START SOURCE DATA
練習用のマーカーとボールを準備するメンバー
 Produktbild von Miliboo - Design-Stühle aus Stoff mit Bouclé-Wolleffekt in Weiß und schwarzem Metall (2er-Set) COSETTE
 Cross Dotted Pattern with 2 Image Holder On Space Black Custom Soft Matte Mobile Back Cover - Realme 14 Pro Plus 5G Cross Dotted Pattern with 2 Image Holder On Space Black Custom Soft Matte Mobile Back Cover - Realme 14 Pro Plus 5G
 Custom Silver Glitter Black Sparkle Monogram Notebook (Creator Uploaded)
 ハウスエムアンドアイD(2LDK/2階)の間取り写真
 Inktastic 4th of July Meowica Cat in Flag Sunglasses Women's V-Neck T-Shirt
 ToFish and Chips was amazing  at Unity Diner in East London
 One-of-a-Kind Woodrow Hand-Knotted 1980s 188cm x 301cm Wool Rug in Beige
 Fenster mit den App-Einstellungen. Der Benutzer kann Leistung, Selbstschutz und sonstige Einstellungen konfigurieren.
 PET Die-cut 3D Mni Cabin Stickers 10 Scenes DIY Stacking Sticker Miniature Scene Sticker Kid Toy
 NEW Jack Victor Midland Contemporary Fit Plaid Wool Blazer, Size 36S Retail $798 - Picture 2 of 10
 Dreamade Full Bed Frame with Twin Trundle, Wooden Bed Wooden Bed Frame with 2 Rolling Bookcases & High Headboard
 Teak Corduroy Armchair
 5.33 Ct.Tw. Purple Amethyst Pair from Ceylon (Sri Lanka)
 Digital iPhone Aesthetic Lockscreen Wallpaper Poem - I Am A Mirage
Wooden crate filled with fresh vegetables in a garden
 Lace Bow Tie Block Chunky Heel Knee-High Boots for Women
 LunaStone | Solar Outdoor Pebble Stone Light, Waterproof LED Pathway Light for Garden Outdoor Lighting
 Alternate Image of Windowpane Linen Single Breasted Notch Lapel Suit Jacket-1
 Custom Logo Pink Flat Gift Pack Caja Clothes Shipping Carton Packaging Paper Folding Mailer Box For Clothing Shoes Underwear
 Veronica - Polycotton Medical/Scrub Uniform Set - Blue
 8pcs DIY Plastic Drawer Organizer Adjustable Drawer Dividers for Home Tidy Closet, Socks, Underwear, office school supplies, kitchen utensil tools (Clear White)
END SOURCE DATA
TASK REQUIREMENTS: Give only the number of lines in the entries that contain "Custom".

ANSWER TO THE PROBLEM: 3